Cette fois, pas d’enquête documentaire pointilleuse: ils proposent une sorte d’archéologie de l’utopie dans la ville en s’inspirant des théories de Foucault sur l’hétérotopie et le corps utopique. Non seulement ont-ils travaillé avec quelques acteurs non professionnels de Montréal, mais ils tenteront de créer sur scène un dialogue avec les spectateurs pour identifier dans la ville des lieux que Foucault aurait considérés comme des hétérotopies, c’est-à-dire des lieux parallèles à la vie urbaine ordonnée, des «contre-emplacements», ou des lieux qui, par leur organisation même, «utopisent» la réalité. Tout ça pour se demander où se provoquent aujourd’hui les tempêtes et où pourraient naître de nouveaux modèles de société, hors de la surveillance et du contrôle dans lesquels les sociétés occidentales sont plongées.

«La répression policière que nous avons vue à Montréal l’an dernier pendant les manifestations et que nous constatons aussi en Italie nous préoccupe, dit Enrico Casagrande. Dans notre société où le contrôle est partout, on peut craindre que jamais ne sera remise en question la manière dont le pouvoir politique est exercé. Les moyens utilisés par la police dans les manifestations pacifiques sont absurdes, mais je pense qu’ils sont emblématiques d’un problème plus vaste: la culture politique, déterminée par une structure démocratique désuète, n’est pas efficace pour nos sociétés fragmentées et mondialisées.»

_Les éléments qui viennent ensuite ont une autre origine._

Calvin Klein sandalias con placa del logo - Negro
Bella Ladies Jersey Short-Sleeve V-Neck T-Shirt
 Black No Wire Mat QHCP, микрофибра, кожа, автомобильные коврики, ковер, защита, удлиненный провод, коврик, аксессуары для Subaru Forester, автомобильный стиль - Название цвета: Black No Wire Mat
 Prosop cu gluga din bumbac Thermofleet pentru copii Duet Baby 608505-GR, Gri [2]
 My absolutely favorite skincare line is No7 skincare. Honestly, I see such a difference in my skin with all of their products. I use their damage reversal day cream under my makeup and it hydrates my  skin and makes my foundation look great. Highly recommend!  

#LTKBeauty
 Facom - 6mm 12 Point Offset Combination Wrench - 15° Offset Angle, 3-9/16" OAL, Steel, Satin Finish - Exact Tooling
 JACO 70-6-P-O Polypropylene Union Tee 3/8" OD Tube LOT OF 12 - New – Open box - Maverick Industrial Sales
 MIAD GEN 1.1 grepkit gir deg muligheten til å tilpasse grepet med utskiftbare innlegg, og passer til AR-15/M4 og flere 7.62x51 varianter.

Pour accompagner cette réflexion, la troupe a lu beaucoup de littérature d’anticipation, notamment Philip K. Dick et Aldous Huxley. «Mais, explique Daniela Nicolo, on a trouvé l’inspiration en faisant apparaître sur scène Prospero, héros shakespearien ayant provoqué une tempête pour remuer un monde ancien dont il souhaitait modifier la structure. Notre relecture s’appuie sur la version d’Aimé Césaire, campée en mai 68 et proposant une fertile réflexion sur l’identité et la colonisation, mais elle s’appuie aussi sur une réflexion sur les rapports de domination qui sont à l’œuvre au sein même de notre troupe.»

Qu’est-ce que la tempête aujourd’hui? Le spectacle flirte avec cette question et avec ses infinies réponses, certaines métaphoriques, d’autres plus concrètes, mais toujours rangées du côté de l’indignation et de la quête de changements.